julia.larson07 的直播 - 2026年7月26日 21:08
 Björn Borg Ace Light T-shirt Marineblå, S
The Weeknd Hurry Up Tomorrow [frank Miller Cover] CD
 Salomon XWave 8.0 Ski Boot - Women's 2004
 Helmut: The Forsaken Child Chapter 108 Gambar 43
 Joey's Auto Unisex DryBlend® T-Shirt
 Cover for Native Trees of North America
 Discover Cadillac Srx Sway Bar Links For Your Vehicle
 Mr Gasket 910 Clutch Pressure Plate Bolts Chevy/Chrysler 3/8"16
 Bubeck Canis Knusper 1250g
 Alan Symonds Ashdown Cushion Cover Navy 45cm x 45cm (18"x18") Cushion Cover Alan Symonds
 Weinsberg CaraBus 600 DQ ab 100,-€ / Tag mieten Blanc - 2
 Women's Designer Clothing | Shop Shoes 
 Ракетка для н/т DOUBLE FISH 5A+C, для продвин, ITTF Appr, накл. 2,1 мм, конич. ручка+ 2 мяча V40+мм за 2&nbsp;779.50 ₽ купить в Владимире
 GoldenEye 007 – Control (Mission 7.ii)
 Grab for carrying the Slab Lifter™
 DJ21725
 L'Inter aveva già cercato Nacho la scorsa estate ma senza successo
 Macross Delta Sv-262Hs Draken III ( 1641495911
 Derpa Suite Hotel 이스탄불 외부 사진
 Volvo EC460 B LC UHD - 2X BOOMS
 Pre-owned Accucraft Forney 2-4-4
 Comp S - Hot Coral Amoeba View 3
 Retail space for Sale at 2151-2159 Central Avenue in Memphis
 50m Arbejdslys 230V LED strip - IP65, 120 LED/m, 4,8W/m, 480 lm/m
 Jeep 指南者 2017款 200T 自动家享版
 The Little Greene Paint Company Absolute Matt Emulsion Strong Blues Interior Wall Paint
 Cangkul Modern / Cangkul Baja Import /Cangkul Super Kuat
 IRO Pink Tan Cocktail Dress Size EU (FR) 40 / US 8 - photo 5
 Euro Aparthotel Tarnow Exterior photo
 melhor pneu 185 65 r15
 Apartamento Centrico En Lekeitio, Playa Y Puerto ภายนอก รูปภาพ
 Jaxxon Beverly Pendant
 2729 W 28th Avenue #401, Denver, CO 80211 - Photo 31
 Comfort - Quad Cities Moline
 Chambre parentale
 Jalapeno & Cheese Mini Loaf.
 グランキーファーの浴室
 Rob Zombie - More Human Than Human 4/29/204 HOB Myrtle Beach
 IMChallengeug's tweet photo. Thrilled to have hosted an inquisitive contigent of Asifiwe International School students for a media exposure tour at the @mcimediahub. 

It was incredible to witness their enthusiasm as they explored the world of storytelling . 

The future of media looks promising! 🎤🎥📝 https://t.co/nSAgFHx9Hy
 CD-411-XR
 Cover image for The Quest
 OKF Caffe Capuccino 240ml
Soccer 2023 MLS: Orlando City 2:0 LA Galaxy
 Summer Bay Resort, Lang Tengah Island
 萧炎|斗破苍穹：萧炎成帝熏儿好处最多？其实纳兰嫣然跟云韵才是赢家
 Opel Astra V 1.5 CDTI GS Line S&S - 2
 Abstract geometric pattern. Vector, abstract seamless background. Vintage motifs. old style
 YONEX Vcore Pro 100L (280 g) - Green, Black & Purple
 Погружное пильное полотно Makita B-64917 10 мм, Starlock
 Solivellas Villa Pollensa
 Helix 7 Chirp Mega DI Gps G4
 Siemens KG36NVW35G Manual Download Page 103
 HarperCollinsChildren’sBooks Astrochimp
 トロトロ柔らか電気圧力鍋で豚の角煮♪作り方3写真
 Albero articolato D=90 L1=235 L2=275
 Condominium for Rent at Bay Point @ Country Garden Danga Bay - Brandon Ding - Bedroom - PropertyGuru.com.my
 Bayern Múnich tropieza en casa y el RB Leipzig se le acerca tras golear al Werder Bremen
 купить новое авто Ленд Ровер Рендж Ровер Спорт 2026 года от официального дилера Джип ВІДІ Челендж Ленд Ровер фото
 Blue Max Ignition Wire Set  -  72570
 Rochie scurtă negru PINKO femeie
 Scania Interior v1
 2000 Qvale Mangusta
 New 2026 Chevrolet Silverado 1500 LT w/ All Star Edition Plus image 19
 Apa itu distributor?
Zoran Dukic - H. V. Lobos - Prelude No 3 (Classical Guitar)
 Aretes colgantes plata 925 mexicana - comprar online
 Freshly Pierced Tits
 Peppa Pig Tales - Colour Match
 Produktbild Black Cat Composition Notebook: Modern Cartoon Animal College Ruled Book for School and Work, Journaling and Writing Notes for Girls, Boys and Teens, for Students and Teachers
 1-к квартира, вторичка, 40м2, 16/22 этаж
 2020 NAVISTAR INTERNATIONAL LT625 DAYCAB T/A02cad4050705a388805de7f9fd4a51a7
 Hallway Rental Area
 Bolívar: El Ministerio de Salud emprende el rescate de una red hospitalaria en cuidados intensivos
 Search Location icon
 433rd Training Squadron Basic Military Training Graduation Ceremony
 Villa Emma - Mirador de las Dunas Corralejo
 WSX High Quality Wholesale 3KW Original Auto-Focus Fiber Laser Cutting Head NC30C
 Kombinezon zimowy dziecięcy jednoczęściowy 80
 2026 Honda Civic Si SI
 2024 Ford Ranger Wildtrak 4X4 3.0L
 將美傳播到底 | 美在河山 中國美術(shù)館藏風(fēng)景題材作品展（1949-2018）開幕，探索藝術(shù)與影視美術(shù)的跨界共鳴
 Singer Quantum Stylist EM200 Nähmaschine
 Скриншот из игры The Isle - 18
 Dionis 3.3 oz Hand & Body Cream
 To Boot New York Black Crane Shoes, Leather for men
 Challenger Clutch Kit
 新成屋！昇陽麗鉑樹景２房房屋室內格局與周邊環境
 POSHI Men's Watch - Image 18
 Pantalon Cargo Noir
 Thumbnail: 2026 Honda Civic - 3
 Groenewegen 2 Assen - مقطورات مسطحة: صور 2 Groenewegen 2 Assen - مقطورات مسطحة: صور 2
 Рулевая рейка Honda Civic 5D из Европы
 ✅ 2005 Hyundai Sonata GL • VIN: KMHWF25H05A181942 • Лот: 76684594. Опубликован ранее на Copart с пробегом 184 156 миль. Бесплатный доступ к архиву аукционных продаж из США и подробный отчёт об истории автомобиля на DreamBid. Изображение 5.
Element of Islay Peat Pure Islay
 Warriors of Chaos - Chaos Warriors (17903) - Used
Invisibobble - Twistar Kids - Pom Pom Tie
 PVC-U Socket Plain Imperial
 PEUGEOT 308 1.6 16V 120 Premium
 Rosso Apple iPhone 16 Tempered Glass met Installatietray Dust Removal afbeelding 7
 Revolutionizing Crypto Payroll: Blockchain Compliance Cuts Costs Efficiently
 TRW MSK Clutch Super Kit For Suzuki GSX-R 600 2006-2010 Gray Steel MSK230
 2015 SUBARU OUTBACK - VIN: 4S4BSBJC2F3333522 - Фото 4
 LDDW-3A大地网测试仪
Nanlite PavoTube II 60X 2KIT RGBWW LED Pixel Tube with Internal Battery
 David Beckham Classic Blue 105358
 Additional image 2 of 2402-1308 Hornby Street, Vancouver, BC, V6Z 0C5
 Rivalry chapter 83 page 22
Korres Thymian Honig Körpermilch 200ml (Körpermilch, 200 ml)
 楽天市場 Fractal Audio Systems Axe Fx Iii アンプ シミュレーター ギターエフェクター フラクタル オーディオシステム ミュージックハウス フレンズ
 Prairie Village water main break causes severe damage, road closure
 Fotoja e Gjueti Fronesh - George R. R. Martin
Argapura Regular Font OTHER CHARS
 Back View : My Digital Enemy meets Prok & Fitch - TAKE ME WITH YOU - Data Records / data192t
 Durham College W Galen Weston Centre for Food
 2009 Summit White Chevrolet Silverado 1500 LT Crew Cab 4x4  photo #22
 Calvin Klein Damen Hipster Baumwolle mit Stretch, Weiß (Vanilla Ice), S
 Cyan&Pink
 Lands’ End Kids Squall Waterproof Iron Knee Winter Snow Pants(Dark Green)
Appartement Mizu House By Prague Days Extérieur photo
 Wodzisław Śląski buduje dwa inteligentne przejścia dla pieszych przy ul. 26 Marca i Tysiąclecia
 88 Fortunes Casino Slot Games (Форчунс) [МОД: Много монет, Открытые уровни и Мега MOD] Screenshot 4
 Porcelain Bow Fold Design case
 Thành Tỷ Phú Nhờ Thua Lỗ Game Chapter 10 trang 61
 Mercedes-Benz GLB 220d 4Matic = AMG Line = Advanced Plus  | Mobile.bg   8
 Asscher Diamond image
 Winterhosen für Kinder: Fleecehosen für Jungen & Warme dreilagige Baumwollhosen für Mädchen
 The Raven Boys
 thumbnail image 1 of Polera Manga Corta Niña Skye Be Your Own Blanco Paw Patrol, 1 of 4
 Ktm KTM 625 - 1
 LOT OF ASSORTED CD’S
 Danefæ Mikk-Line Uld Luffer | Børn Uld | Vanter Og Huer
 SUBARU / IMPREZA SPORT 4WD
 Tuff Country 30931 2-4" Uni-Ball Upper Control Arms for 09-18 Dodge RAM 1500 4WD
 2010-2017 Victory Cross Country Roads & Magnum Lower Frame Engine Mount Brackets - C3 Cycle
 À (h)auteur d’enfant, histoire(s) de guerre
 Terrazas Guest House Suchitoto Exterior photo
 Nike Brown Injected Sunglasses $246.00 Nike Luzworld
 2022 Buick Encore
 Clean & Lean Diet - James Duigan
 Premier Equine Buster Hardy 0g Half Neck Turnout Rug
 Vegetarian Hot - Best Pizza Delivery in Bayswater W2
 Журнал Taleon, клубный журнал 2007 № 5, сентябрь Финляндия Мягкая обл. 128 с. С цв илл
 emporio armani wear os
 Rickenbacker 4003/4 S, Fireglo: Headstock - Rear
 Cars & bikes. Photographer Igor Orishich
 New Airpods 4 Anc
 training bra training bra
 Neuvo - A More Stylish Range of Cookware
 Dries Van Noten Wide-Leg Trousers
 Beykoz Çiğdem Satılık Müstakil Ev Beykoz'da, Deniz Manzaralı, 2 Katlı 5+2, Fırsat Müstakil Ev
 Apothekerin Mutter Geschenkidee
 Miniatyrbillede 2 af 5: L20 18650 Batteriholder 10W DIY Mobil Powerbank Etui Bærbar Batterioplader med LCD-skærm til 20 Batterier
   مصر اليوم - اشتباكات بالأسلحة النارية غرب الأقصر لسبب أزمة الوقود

### Goal of the exercise
Beginning at the line above that contains "Prairie Village water", return each line exactly through the line that contains "Clean & Lean Diet - James Duigan", and no others.

### The completed task
 Prairie Village water main break causes severe damage, road closure
 Fotoja e Gjueti Fronesh - George R. R. Martin
Argapura Regular Font OTHER CHARS
 Back View : My Digital Enemy meets Prok & Fitch - TAKE ME WITH YOU - Data Records / data192t
 Durham College W Galen Weston Centre for Food
 2009 Summit White Chevrolet Silverado 1500 LT Crew Cab 4x4  photo #22
 Calvin Klein Damen Hipster Baumwolle mit Stretch, Weiß (Vanilla Ice), S
 Cyan&Pink
 Lands’ End Kids Squall Waterproof Iron Knee Winter Snow Pants(Dark Green)
Appartement Mizu House By Prague Days Extérieur photo
 Wodzisław Śląski buduje dwa inteligentne przejścia dla pieszych przy ul. 26 Marca i Tysiąclecia
 88 Fortunes Casino Slot Games (Форчунс) [МОД: Много монет, Открытые уровни и Мега MOD] Screenshot 4
 Porcelain Bow Fold Design case
 Thành Tỷ Phú Nhờ Thua Lỗ Game Chapter 10 trang 61
 Mercedes-Benz GLB 220d 4Matic = AMG Line = Advanced Plus  | Mobile.bg   8
 Asscher Diamond image
 Winterhosen für Kinder: Fleecehosen für Jungen & Warme dreilagige Baumwollhosen für Mädchen
 The Raven Boys
 thumbnail image 1 of Polera Manga Corta Niña Skye Be Your Own Blanco Paw Patrol, 1 of 4
 Ktm KTM 625 - 1
 LOT OF ASSORTED CD’S
 Danefæ Mikk-Line Uld Luffer | Børn Uld | Vanter Og Huer
 SUBARU / IMPREZA SPORT 4WD
 Tuff Country 30931 2-4" Uni-Ball Upper Control Arms for 09-18 Dodge RAM 1500 4WD
 2010-2017 Victory Cross Country Roads & Magnum Lower Frame Engine Mount Brackets - C3 Cycle
 À (h)auteur d’enfant, histoire(s) de guerre
 Terrazas Guest House Suchitoto Exterior photo
 Nike Brown Injected Sunglasses $246.00 Nike Luzworld
 2022 Buick Encore
 Clean & Lean Diet - James Duigan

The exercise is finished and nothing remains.